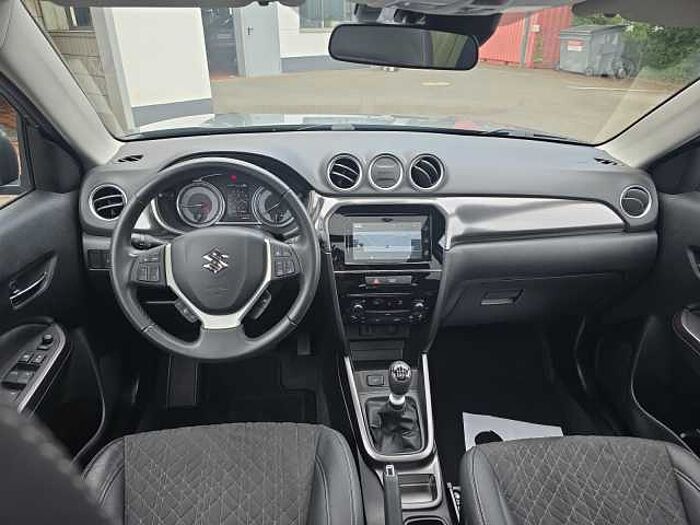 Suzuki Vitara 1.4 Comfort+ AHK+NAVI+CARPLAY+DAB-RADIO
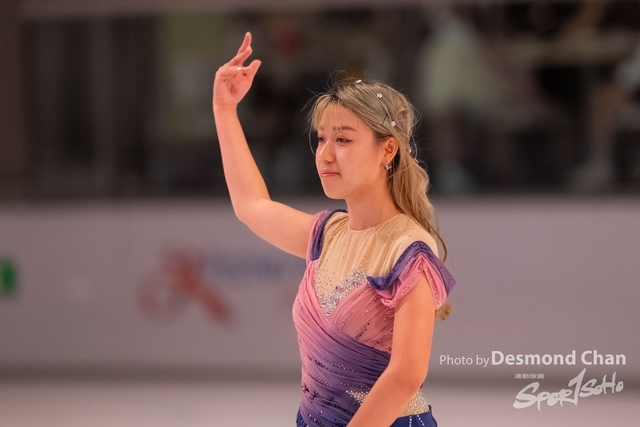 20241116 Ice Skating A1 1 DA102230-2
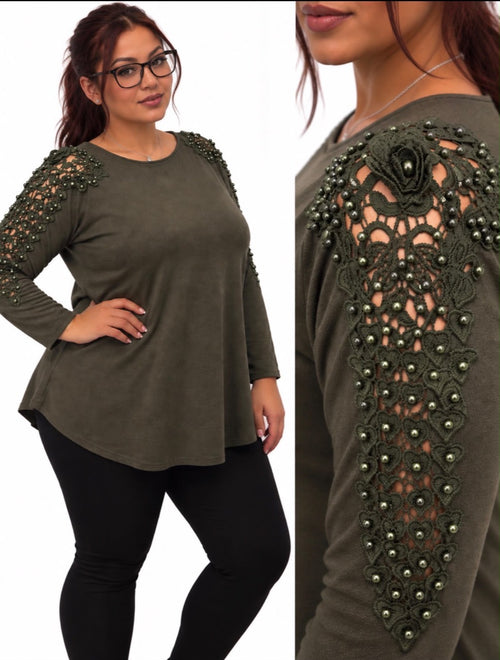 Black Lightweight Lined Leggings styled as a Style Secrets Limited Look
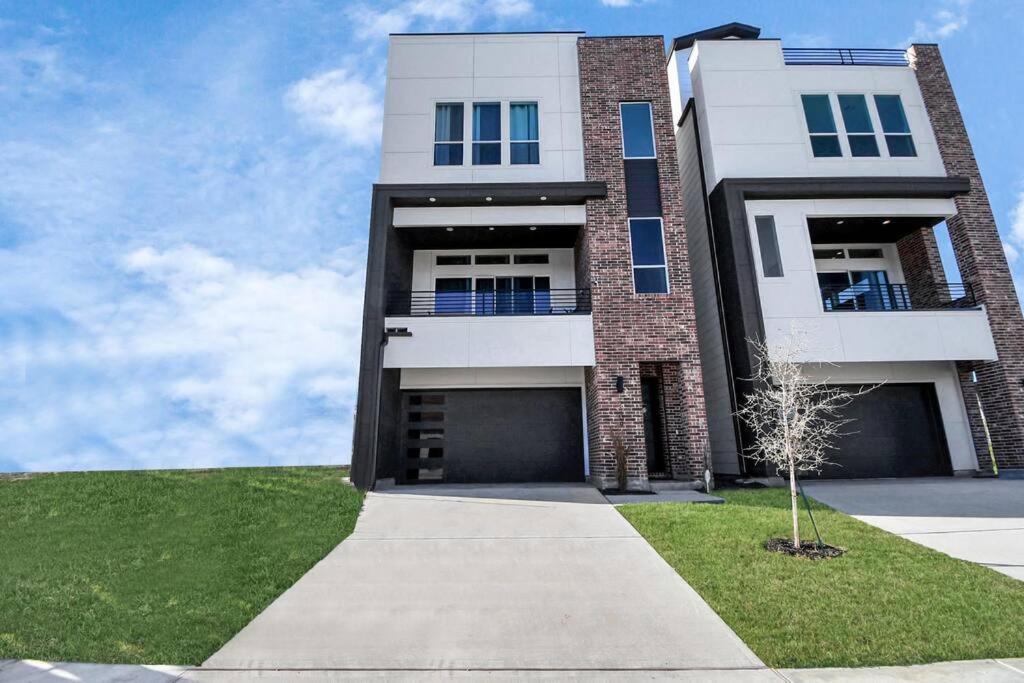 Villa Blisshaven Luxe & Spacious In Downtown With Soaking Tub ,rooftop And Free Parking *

* * *

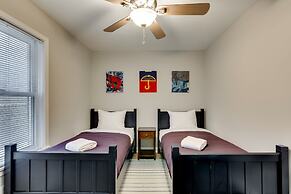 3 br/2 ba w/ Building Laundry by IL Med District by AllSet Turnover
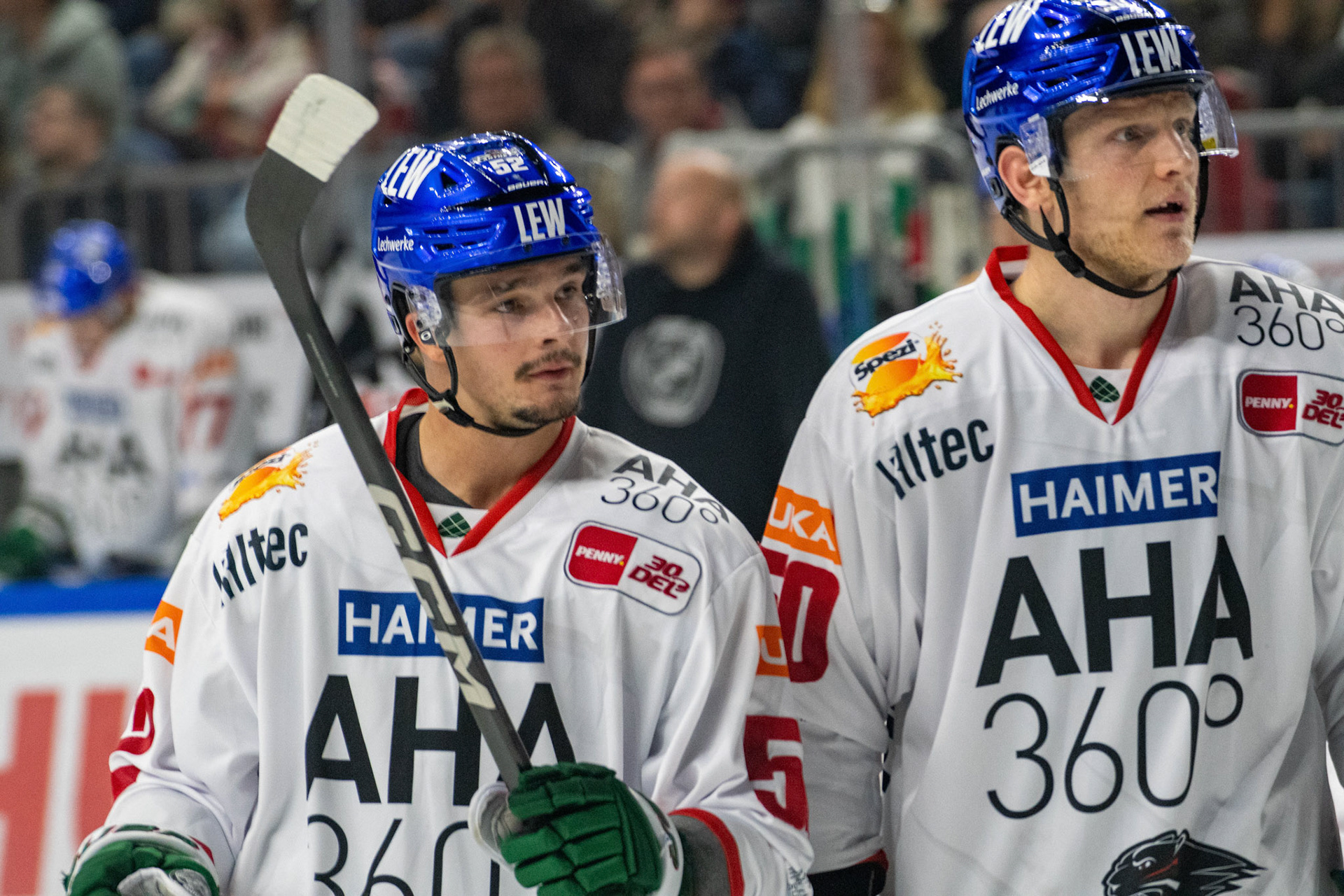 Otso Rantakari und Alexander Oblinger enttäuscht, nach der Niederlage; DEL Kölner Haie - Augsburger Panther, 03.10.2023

---

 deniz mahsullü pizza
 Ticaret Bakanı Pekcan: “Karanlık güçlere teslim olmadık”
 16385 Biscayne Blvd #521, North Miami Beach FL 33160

■ **Task to complete**:
Between and including the line with "Black Lightweight Lined" and the line with "Villa Blisshaven Luxe", repeat every line exactly as it appears above, with pictures left out.

■ **Exercise output**:
 Black Lightweight Lined Leggings styled as a Style Secrets Limited Look
 Villa Blisshaven Luxe & Spacious In Downtown With Soaking Tub ,rooftop And Free Parking *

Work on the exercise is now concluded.